Other government measures introduced on Friday included the establishment of a new Hong Kong Academy for Wealth Legacy under the Financial Services Development Council, a move aimed at cultivating a talent pool for family offices in Hong Kong.

The summit was attended by over 100 key decision makers from global family offices and their professional teams across Hong Kong, the mainland, North America, Europe, other Asian regions, the Middle East and other parts of the world, according to a government release on Friday evening.

Attendees at the event on Friday included CP Group’s senior chairman Dhanin Chearavanont and his eldest son Soopakij. The Chearavanonts, whose members have dominated Thailand’s billionaires lists for decades, plan to set up a family office in Hong Kong to invest the clan’s fortunes, which is seen as a coup and boosts the city’s ambition of becoming Asia’s wealth-management hub.

Other attendees included Hong Kong moguls Richard Li Tzar-kai and Ronnie Chan Chi-chung, as well as a number of global financial and philanthropic heavyweights.

At least 14 tycoons and chiefs of the world’s leading family offices and organisations – including the Bill & Melinda Gates Foundation, Swiss bank UBS and Art Basel – were slated to speak at the closed-door event at the Hong Kong Palace Museum in West Kowloon Cultural District.
The Hong Kong Palace Museum, pictured on its opening day on July 3, 2022. Photo: AFP

“The Wealth for Good in Hong Kong Summit will open up a world of new opportunities for family offices from around the globe,” said Stephen Phillips, the director-general of investment promotion at InvestHK in a statement.

“Hong Kong’s fast-moving, dynamic business and cultural environment has shaped a unique East-meets-West centre for international cultural exchange. This aligns well with Hong Kong’s role as a critical bridge, seamlessly connecting the mainland and global capital markets.”

Daryl Ng Win-Hong, deputy chairman at Sino Group, who attended the event, said it was encouraging to see and meet many new friends interested in investing in Hong Kong.

“The whole event was well organised and coincided with the hugely popular Art Basel week,” Ng said in a statement to the Post. “From the discussions throughout the day, it was very clear that the demand and interest to set up family offices in Hong Kong is strong, due to the city’s unique economic position and strong fundamentals.”

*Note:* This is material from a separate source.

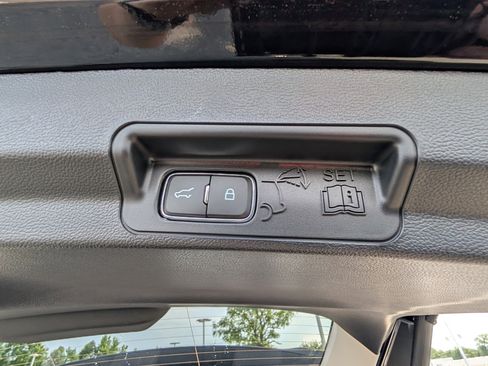 New 2025 Ford Explorer Active w/ Active Comfort Package image 10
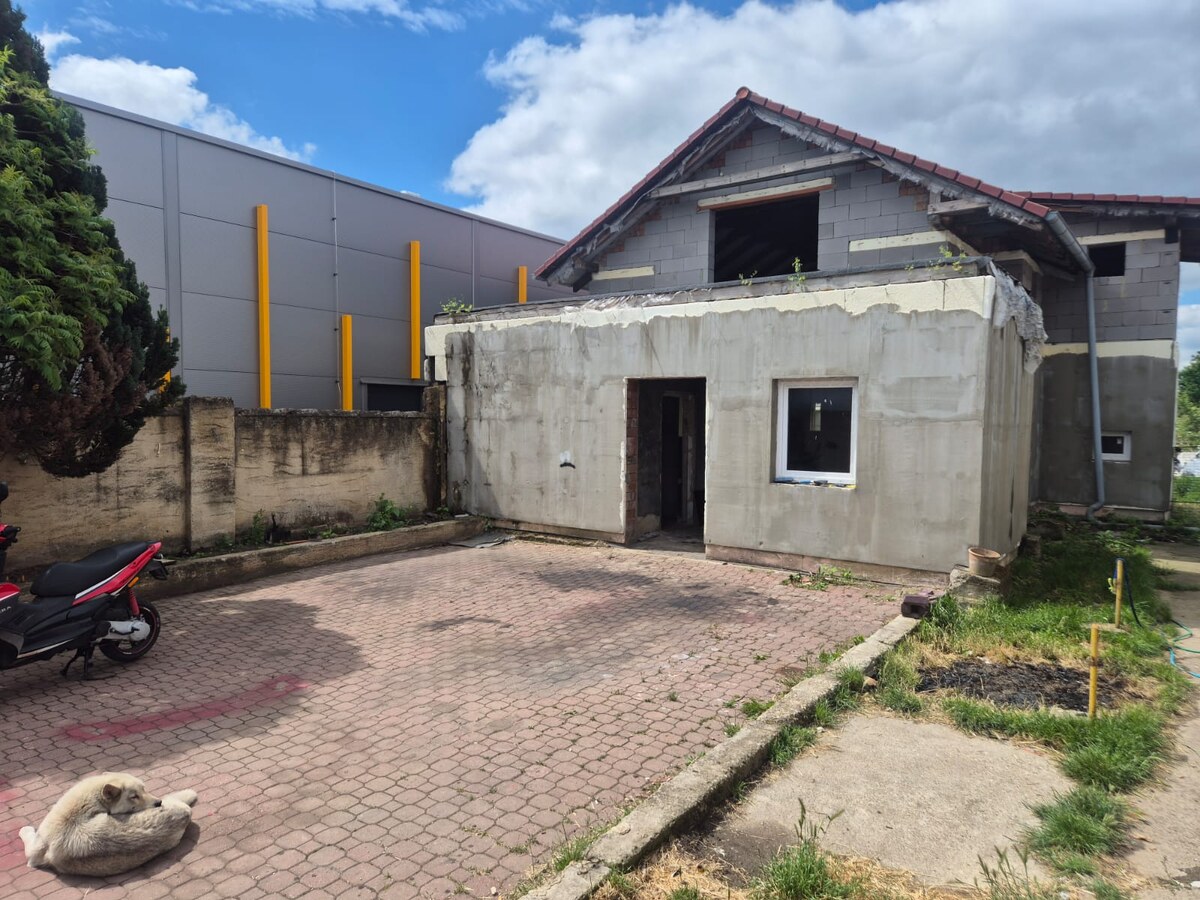 Investícia s obrovským potenciálom: Hrubá stavba vo Veľkom Cetíne !! — foto 2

The event included four panel discussions touching on the themes of arts and culture, technology, sustainability and philanthropy.
“Hong Kong is strategically positioned to be a green finance hub and also as a strategic bridge that connects both the best [sustainable tech] start-ups from the west to China, and vice versa,” said Poman Lo, vice chairman of Regal Hotels Group and founder of the Institute of Sustainability and Technology, in an interview on the sidelines of the summit. She was a moderator of the Wealth for Green panel at the summit.

Guests were entertained with a cultural performance in the evening, according to the summit’s programme, including a traditional Chinese dragon dance and a gala dinner.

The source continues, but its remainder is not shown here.